Many aspiring traders come to zero sum markets such as the futures market after successful careers as entrepreneurs. The mistake they make is thinking that the rules of good business apply to zero sum markets. While in some ways they do (buy low and sell high, for example), it’s the ways in which trading these markets is unlike other businesses that will fool you and cost you.

Futures markets are also different than the more ‘normal’ markets you may have been exposed to, such as equities. My research shows that the percentage of profitable traders is significantly higher in the equity market compared to futures. If equities are like fine wine, futures are like mescal with a worm at the bottom of the bottle; raw, potent and definitely an acquired taste.
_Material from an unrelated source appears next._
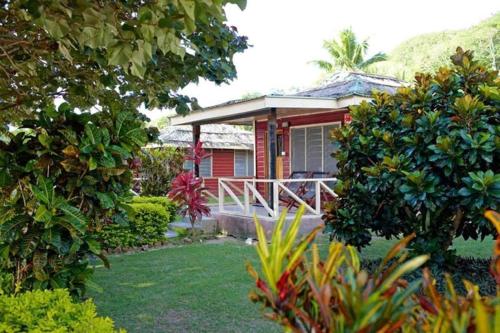 a red house with a porch in a yard at Korovou Nature Lodge in Naviti Island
Due to increased volatility and leverage, zero sum markets will challenge you in ways you have not been challenged before, and it will be difficult not to take losses personally. Shawn, for example, owned a chain of men’s clothing stores and fast food restaurants. He is a down-to-earth, warm, mild-mannered fellow who is easy to get along with and likes people.
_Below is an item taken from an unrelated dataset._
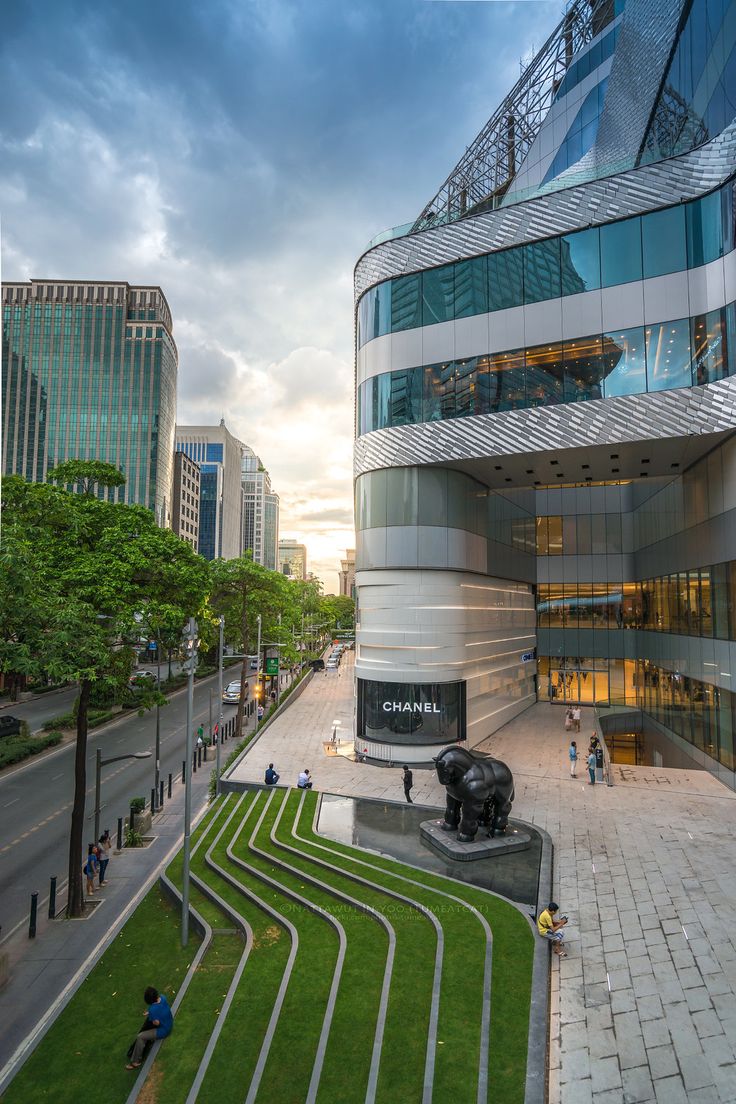 a large building that is next to a grassy area in the middle of a street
Shawn has a “Midas Touch” when it comes to running businesses, but his relationship to the futures market has been marked by bouts of revenge trading that had led to a series of account blow ups over the previous years. Preventing acts of self sabotage is not a typical topic in a business school curriculum. But this is a critical topic of study for individual traders in this type of rough and tumble market.  

In Shawn’s case, revenge trading meant he could not take a $200 loss, so when he was wrong he would find himself with a $2000 loss before he finally quit for the day. Shawn wasn’t emotionally prepared to lose because losing was incongruent with his self-image and his business experience. That attitude, of course, produced more losses.